原画・監修 |
画家 絹谷幸二 KINUTANI Koji |
|---|
2024
縦2.0m × 横7.5m
京急空港線 羽田空港第3ターミナル駅地下2階
外国人の方々を空港外で最初にお迎えする場所に設置された新たなシンボル、作品名は『煌めく希望、KEIKYU』です。人類最古の壁画技法であるアフレスコ画を極めた洋画家の大家で、文化勲章受章者の絹谷幸二氏が原画・監修を務め、陶板レリーフは、クレアーレ熱海ゆがわら工房の職人たちによって制作されました。

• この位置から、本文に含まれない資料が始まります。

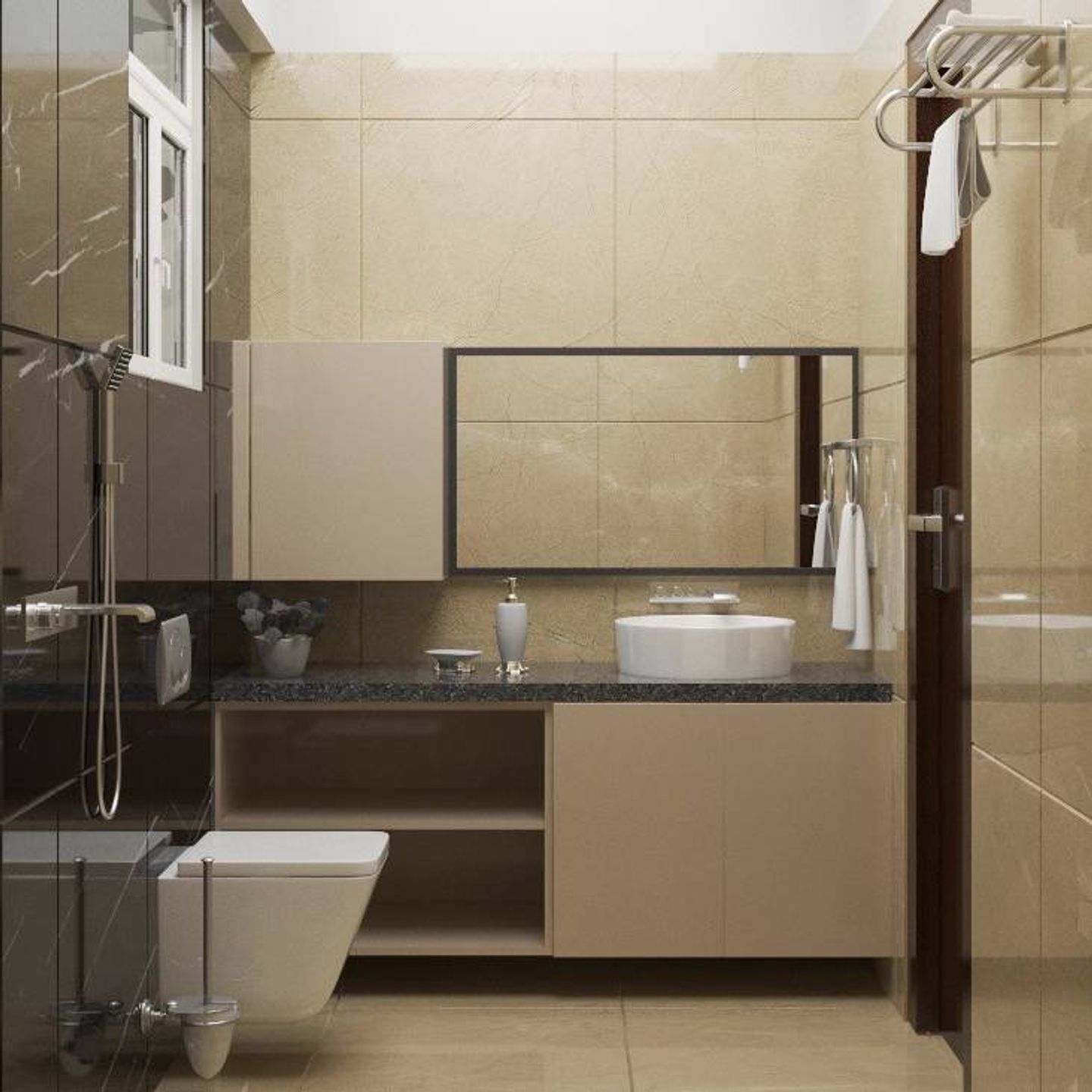 Modern Beige Bathroom – Livspace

縦2メートル、横7.5メートルの作品には、訪れる人々の旅を明るく照らす太陽とともに、空を飛び交う旅客機が表す羽田空港の賑わい、富士山や咲き誇る河津桜、東京湾やヨットが浮かぶ葉山の海、厄除けとして知られる川崎大師など、京急電鉄の沿線の魅力溢れる風物や観光地が旅情を誘います。「この美しい日本に来られた方々、あるいはこれからお帰りになられる方々に、再びこの印象を持って帰っていただきたい、またお越しいただきたい」という絹谷氏の思いが込められています。
造形では、力強く生き生きとした原画の筆のタッチやスピード感を意識して、土が形作られました。太陽の中心をあえて丸にせず、方向性を持たせることで、光の動きとエネルギーの広がりを表現しています。さらに、奥行きの造り方に工夫を加えることで、モチーフごとの距離感と風景全体に動きを持たせています。

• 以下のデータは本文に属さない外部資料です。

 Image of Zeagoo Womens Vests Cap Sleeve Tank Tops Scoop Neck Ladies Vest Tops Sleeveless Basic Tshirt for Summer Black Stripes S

また原画の持つ躍動感あふれる豊かな色彩は、約70種類の釉薬を組み合わせて表現しています。隣り合わせたピースの色合いを確認しながら、釉薬のレシピを調整し、繊細な焼成を繰り返すことで、独特の発色を創り出しました。特に、釉薬では表現が難しい赤、黄、オレンジも鮮やかに仕上げています。さらに、中央の飛行機の 尾翼には「海鼠釉(なまこゆう)」、葉山の海や山には「織部釉」、川崎大師には日本最初期の釉薬である「灰釉」をアレンジし、日本特有の釉薬による色彩表現が楽しめます。
企画 : 日本交通文化協会

絹谷幸二
KINUTANI Koji
画家
現代アフレスコ画の第一人者であるばかりか、日本洋画界を担う作家として活躍している。豊かで自由なイマジネーション、極度の精神集中と持続力から生み出される絵画世界には、鮮烈な色彩が奔流し、熱情と生の歓喜がダイナミックに展開する。大胆で自由奔放なフォルムからなる作品は、観る人に深い共感と関心を呼び起こす。スチロフォームとミクストメディアによる立体作品、さらには石彫や絹本岩彩にも取り組んでいる。東京藝術大学や大阪芸術大学で後進の指導に当たり、若手芸術家を支援。文化庁主催の「子供 夢・アート・アカデミー」にも携わり、次代を担う若者たちに創造の喜び、楽しさを伝えている。場所 : 京急空港線 羽田空港第3ターミナル駅地下2階
作家コメント
日本の玄関口、羽田で世界から皆様をお迎えし、直結する京急線。
皆様の旅を明るく照らす太陽とともに、相模湾の向こうに見る富士山は、日本人のおもてなしの心の象徴として、また、京急線沿線の様々な魅力を、旅が始まる楽しさ、期待感に想いを馳せて描きました。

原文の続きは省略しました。